[PATCH v2 bpf-next 1/4] bpf: unprivileged BPF access via /dev/bpf

Alexei Starovoitov alexei.starovoitov at gmail.com
Wed Aug 14 00:57:39 UTC 2019


On Tue, Aug 13, 2019 at 04:06:00PM -0700, Andy Lutomirski wrote:
> On Tue, Aug 13, 2019 at 2:58 PM Alexei Starovoitov
> <alexei.starovoitov at gmail.com> wrote:
> >
> > On Tue, Aug 06, 2019 at 10:24:25PM -0700, Andy Lutomirski wrote:
> > > >
> > > > Inside containers and inside nested containers we need to start processes
> > > > that will use bpf. All of the processes are trusted.
> > >
> > > Trusted by whom?  In a non-nested container, the container manager
> > > *might* be trusted by the outside world.  In a *nested* container,
> > > unless the inner container management is controlled from outside the
> > > outer container, it's not trusted.  I don't know much about how
> > > Facebook's containers work, but the LXC/LXD/Podman world is moving
> > > very strongly toward user namespaces and maximally-untrusted
> > > containers, and I think bpf() should work in that context.
> >
> > agree that containers (namespaces) reduce amount of trust necessary
> > for apps to run, but the end goal is not security though.
> > Linux has become a single user system.
> > If user can ssh into the host they can become root.
> > If arbitrary code can run on the host it will be break out of any sandbox.
> 
> I would argue that this is a reasonable assumption to make if you're
> designing a system using Linux, but it's not a valid assumption to
> make as kernel developers.  Otherwise we should just give everyone
> CAP_SYS_ADMIN and call it a day.  There really is a difference between
> root and non-root.

hmm. No. Kernel developers should not make any assumptions.
They should guide their design by real use cases instead. That includes studing
what people do now and hacks they use to workaround lack of interfaces.
Effecitvely bpf is root only. There are no unpriv users.
This root applications go out of their way to reduce privileges
while they still want to use bpf. That is the need that /dev/bpf is solving.

> 
> > Containers are not providing the level of security that is enough
> > to run arbitrary code. VMs can do it better, but cpu bugs don't make it easy.
> > Containers are used to make production systems safer.
> > Some people call it more 'secure', but it's clearly not secure for
> > arbitrary code and that is what kernel.unprivileged_bpf_disabled allows.
> > When we say 'unprivileged bpf' we really mean arbitrary malicious bpf program.
> > It's been a constant source of pain. The constant blinding, randomization,
> > verifier speculative analysis, all spectre v1, v2, v4 mitigations
> > are simply not worth it. It's a lot of complex kernel code without users.
> 
> Seccomp really will want eBPF some day, and it should work without
> privilege.  Maybe it should be a restricted subset of eBPF, and
> Spectre will always be an issue until dramatically better hardware
> shows up, but I think people will want the ability for regular
> programs to load eBPF seccomp programs.

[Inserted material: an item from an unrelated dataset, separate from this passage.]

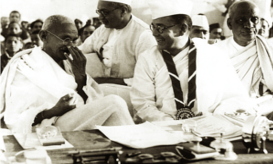 ചിത്രം:Netaji Subash Gandhi1938.png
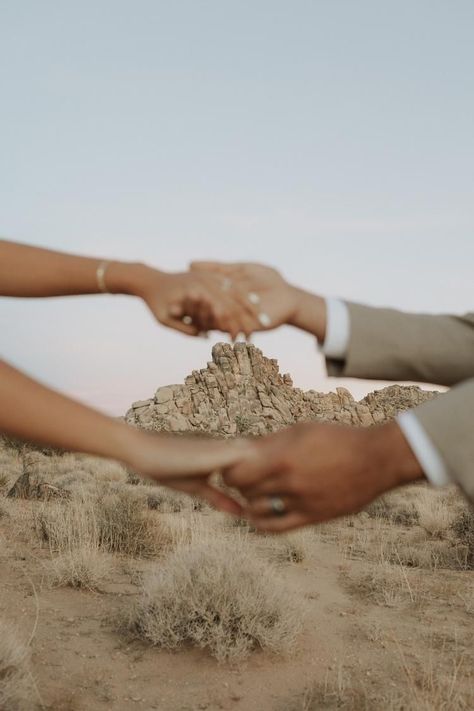 Dessert Wedding Photoshoot, Wedding Photo Ideas Desert, Joshua Tree Elopment, Desert Elopement Arizona, Creative Elopement Photos, Elopement Joshua Tree, Joshua Tree Proposal, Desert Elopement Photography, Desert Wedding Pictures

I'm absolutely against using eBPF in seccomp.
Precisely due to discussions like the current one.

> 
> > Hence I prefer this /dev/bpf mechanism to be as simple a possible.
> > The applications that will use it are going to be just as trusted as systemd.
> 
> I still don't understand your systemd example.  systemd --users is not
> trusted systemwide in any respect.  The main PID 1 systemd is root.
> No matter how you dice it, granting a user systemd instance extra bpf
> access is tantamount to granting the user extra bpf access in general.

People use systemd --user while their kernel have 'undef CONFIG_USER_NS'.

> It sounds to me like you're thinking of eBPF as a feature a bit like
> unprivileged user namespaces: *in principle*, it's supposed to be safe
> to give any unprivileged process the ability to use it, and you
> consider security flaws in it to be bugs worth fixing. But you think
> it's a large attack surface and that most unprivileged programs
> shouldn't be allowed to use it.  Is that reasonable?

I think there should be no unprivileged bpf at all,
because over all these years we've seen zero use cases.
Hence all new features are root only.
LPM map is a prime example. There was not a single security bug in there.
There were few functional bugs, but not security issues.
These bugs didn't crash the kernel and didn't expose any data.
Yet we still keep LPM as root only.
Can we flip the switch and make it non-root? It's trivial single line patch ?
and security risk is very low?
Nope, since it will not address the underlying issue.